Why buy an existing business?

Buying an existing business gives you a head start. It can be less risky, and individuals may see a profit sooner than when starting a new company from scratch. The business may come with a recognized market position, an established customer base, experienced employees, and established systems.

The purchase of a solid business generally will include some “good will.” You should compare that cost to how much working capital would be needed to enter into the same market and get to the same point of positive cash flow. If you structure the acquisition strategically, that immediate cash flow can provide a reduced risk of business failure.

However, buying an existing business isn’t risk-free. Your success depends on how well you analyze the business you ultimately buy. Begin with a strategic plan, and be prepared for the search to take several months.

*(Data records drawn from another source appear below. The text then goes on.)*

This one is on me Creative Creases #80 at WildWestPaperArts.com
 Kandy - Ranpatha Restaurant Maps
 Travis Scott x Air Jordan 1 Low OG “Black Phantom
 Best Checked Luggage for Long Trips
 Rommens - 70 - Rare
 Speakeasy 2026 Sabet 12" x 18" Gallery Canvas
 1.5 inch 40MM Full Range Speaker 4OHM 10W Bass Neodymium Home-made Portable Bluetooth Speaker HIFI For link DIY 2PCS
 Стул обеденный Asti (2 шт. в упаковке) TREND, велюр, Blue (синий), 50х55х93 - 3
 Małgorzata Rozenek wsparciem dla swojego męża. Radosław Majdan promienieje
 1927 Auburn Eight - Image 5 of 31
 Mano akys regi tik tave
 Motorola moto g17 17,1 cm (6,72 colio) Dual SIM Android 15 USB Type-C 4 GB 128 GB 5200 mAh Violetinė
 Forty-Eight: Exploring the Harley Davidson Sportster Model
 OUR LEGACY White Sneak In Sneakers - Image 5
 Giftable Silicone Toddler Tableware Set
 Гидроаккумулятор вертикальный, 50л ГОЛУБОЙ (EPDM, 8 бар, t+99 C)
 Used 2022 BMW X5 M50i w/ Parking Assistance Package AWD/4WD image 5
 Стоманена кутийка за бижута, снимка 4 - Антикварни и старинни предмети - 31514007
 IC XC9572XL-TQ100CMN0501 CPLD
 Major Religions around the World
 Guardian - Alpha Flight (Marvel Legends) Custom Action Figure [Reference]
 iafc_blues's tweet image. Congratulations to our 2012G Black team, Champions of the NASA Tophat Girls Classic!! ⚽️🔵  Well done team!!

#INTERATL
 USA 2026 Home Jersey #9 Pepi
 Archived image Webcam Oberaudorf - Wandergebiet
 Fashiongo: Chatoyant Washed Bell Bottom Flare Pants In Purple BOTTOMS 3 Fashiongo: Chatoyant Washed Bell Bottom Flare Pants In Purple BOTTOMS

Your plan should include contacting a professional business broker, searching through your own contacts and networking, contacting trade associations, and cold calling current owners of the kind of business you want to own. Use multiple approaches in your search; call your attorney, your accountant, your banker, your friends, and even your neighbors. They just might come up with the perfect match.

Do your due diligence

As you go about finding your business, consider the following:
  • What’s the owner selling?
  • Why is the owner selling?
  • How much does the owner want, and how was that price determined?
  • Is there financing or trade credit to go with the deal?
  • Why is this a good deal?

Once you’ve “kicked the tires” and found the right company, begin the due diligence phase. There’s no such thing as too much information. Once the acquisition is complete, you won’t have a chance to go back for clarification. Obtain advice from professionals outside your areas of expertise; talk with your attorney and accountant.

Find the funding

Financing the purchase of an existing business generally is easier than financing a new business start-up; you should have access to more sources than just your own personal savings. The buyer of a going concern often has immediate cash flow to service the proposed debt.

Don’t expect the bank to finance the entire purchase. You’ll have to come up with some equity to support your commitment. Remember, your return on your investment is unlimited, while the bank’s is not. Your banker wants to know that you’re taking a fair share of the risk. For credit-worthy investments, banks generally will finance 75 percent of real estate values, 50 to 75 percent of equipment values, 75 to 80 percent of accounts receivable, and 25 to 50 percent of inventory.

While it makes sense to look for a bank that frequently participates in the Small Business Administration (SBA) loan programs, don’t hesitate to look for other sources of financing—such as the seller of the business. Other sources include vendors, angel investors, venture capital firms, family, and friends. Closing the deal usually involves multiple sources of financing, along with your own investment.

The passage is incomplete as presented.